New Age
- New Age logo
- Type: Daily newspaper
- Format: Broadsheet
- Owner(s): Media New Age Limited, HRC Group
- Founder: A.Z.M. Enayetullah Khan
- Editor: Nurul Kabir
- Founded: 2003
- Language: English
- Headquarters: Hamid Plaza, 3000/5/A/1 Bir Uttam CR Datta Road, Hatirpool, Dhaka-1205
- Website: newagebd.net

= New Age (Bangladesh) =

Bangladeshi English-language newspaper

New Age is a Bangladeshi English-language daily newspaper published from Dhaka. It is printed in broadsheet. It is one of the country's most outspoken newspapers, regarded for its anti-establishment editorial policy. Nurul Kabir is the present editor of the newspaper.

==History==
=== Content ===
At one-point, New Age–like its rival, the Daily Star–included a literature page (defunct by mid-2019), which stimulated Bangladesh's English literary scene.

=== Conflicts ===
In 2014, the offices of New Age were searched without a warrant by Bangladesh Police.

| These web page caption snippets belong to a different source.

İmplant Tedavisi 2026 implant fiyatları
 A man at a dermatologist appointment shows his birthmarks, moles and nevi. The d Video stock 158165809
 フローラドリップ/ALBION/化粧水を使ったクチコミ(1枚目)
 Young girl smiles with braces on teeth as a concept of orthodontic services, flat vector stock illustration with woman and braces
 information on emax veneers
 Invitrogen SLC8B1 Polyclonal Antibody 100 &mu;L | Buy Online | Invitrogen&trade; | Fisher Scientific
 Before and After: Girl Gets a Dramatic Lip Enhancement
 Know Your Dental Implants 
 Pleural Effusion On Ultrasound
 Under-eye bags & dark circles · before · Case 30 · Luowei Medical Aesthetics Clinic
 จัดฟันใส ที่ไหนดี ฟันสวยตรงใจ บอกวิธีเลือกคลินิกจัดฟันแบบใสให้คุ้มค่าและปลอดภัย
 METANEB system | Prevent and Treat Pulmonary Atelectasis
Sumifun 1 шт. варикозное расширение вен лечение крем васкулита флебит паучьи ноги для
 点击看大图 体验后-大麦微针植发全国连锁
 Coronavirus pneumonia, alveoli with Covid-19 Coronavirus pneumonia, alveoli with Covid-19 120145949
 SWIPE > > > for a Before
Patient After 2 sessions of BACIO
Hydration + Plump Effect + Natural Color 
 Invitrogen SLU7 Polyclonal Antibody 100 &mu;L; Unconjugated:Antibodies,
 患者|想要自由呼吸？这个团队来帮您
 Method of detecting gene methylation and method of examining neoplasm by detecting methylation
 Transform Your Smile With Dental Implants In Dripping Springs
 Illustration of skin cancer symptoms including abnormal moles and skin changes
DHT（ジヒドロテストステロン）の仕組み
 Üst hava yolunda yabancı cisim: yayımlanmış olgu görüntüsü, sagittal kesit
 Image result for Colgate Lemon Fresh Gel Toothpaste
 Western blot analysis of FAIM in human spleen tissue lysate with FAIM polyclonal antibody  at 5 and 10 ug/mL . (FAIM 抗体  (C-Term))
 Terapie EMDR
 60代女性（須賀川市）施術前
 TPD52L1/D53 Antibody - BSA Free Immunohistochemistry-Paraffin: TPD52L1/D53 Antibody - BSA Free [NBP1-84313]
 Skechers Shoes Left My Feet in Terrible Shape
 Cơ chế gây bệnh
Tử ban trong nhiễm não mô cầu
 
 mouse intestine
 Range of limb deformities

In 2009, a New Age reporter was tortured by the law enforcement agency Rapid Action Battalion members.

In 2013, editor Nurul Kabir allegedly received a phone call from a person claiming to be a criminal nicknamed "Shahadat," who threatened him, his wife and children, demanded Tk100,000, and ordered him to "speak carefully" when appearing in talk shows. In response, a group of 50 activists signed a petition calling for an investigation and punishment of the alleged crime.

In 2014, police attempted to search the New Age office, at the Tejgaon area in the capital, without a warrant. Over objections from staff, police entered and videotaped some of the interior. Later, a police official said it was a "misunderstanding" due to a report "that Jamaat-Shibir activists" were "in the area."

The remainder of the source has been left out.